I didn’t
intend to read through the The Booker Prize Longlist this past summer but when I
saw I’d already read several of the titles on the list, I felt I had a
manageable task. I’d heard of several of the books already through Eleanor
Wachtel’s Writers and Company.
Zadie Smith’s
Swing Time is my favourite book on the list so far. Its the story of a young
British black woman who works for a famous singer, Amy. When Amy starts doing
volunteer work in Africa, the narrator (unnamed in the story) is forced to
think about white privilege and how well-intentioned work can quickly
morph into a new kind of twisted colonialism. It was refreshing to read the voice of a Black woman. Other books with black female narrators I enjoyed are Ayobami Adebayo’s Stay With
Me and Ya Gyasi’s Homecoming.
Colson
Whitehead’s book, The Underground Railway
is one woman’s journey escaping from slavery. This slave narrative is jolted into
a new form by the steampunk arrival of a literal underground railway. Cora, a
runaway slave, journey through the states allows us to see the varieties of
slavery, from a seemingly safe model city in South Carolina, to the burning of
a black community in Oklahoma. Although the
book is rife with violence, the possibility of Cora moving (yet again) lends
small glimmers of hope.
Mohsin Hamid’s
Exit West also uses a supernatural
device as a metaphor, this time, for the immigration experience. In an unnamed Muslim
country two young people, Nadia and Saeed, begin a relationship just a as a
military regime takes over their country. With the help of a fixer, they open a
door from their country and arrive in another. They travel first to a refugee
camp in Greece, then to England, and finally to the US. The doors expedite the
story, but also replicate the sense of immediate change immigrants experience
as they find themselves in radically different places. While the book is about
the tension of being an illegal immigrant, it is also about the tensions of
migration. Hamsin writes, “… for when we migrate, we murder from our lives
those we leave behind.” This made me think of my grandparents leaving Russia and the families they never saw again. Exit West is short, lyrical and will stay with me for a long time.

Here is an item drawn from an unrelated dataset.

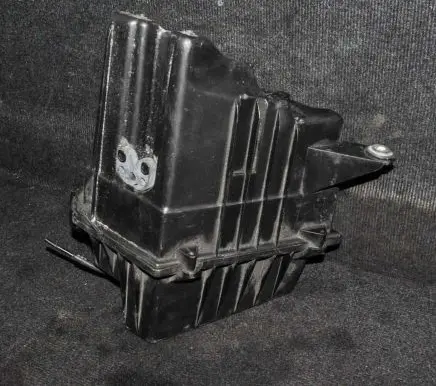 Skoda Roomster (5J) Air filter box 6Q0129607AR 6Q0129601AR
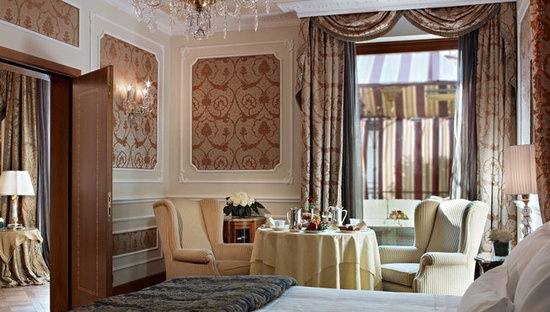 酒店客房——客房以灰泥粉刷，配有丝绸挂毯，同时有雕花地板房或是地毯房。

(It also has a really pretty cover.)
Next on my
list is Solar Bones by Mike McCormick
and Lincoln in the Bardo. I love
George Saunder’s short stories and I’m sure Lincoln
won’t disappoint.
My only
qualms with the Booker List (other than Zadie Smith didn’t make the short list)
is that Hari Kunzu’s White Tears is
not on the list. While I really enjoyed the other books and would recommend them
highly, White Tears is the only book
this year that I read twice, sought out author reviews, insisted my
husband read and tried to foist on my neighbours. I loved this book because I was confused by this book and it made me
think, and think again.
The novel is
about a young white man named Seth from a modest background whose wealthy
friend Carter collects black music. When Seth records a man singing in New York
on the street he thinks nothing of it, but when Carter fixes it up to sound
like an old record and then puts in on the internet under the name Charlie Shaw, Seth’s
world starts to implode. A blue’s collector claims that Charlie Shaw was
a real person and Seth is drawn into the world of the black south where depression-era
indentured prisoners endure a slave-like existence.
The book's characters start to blur in ways that suggest the violence done to the black community eventually comes to harm the white community too. Yet I'm still not sure what it
means when an author of colour writes a book called White Tears? Is he being sincere that this white protagonist is
really crying for the legacy of hurt against black people, or are white tears
tongue-in-cheek? I still don’t know, and I don’t want anyone to tell me either.